The answer is the line containing "Falconry Vests" plus every line after it to the end of the material, retyped exactly and without the pictures.
** Opening Data block **
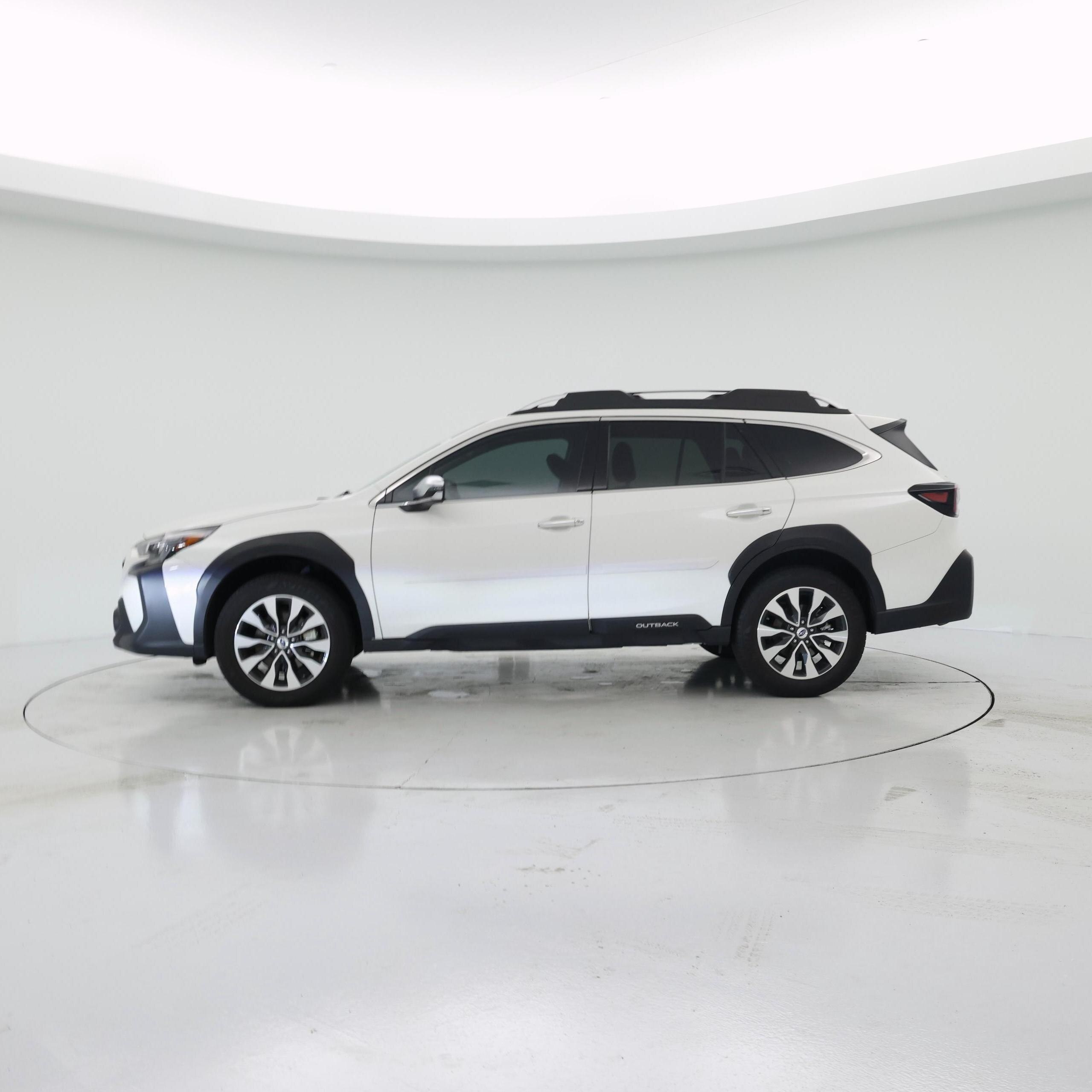 Thumbnail: 2025 Subaru Outback - 3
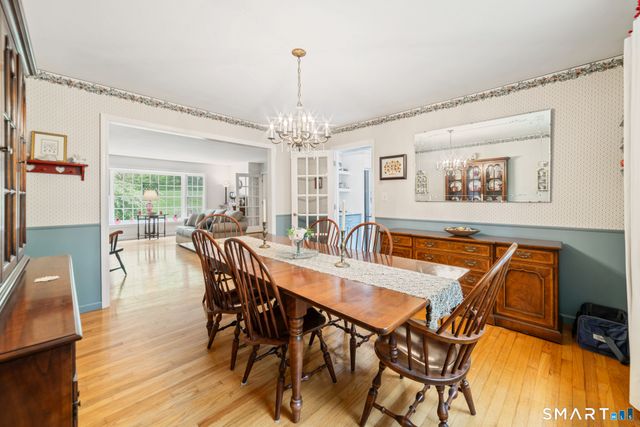 148 Colonial Drive, Southbury, CT 06488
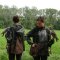 Falconry Vests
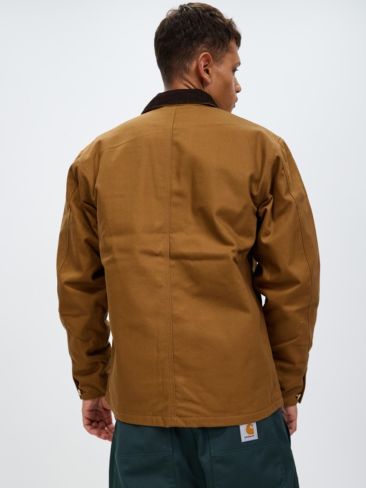 Carhartt Michigan Coat. Picture: Carhartt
** Closing Data block **
Written response:
 Falconry Vests
 Carhartt Michigan Coat. Picture: Carhartt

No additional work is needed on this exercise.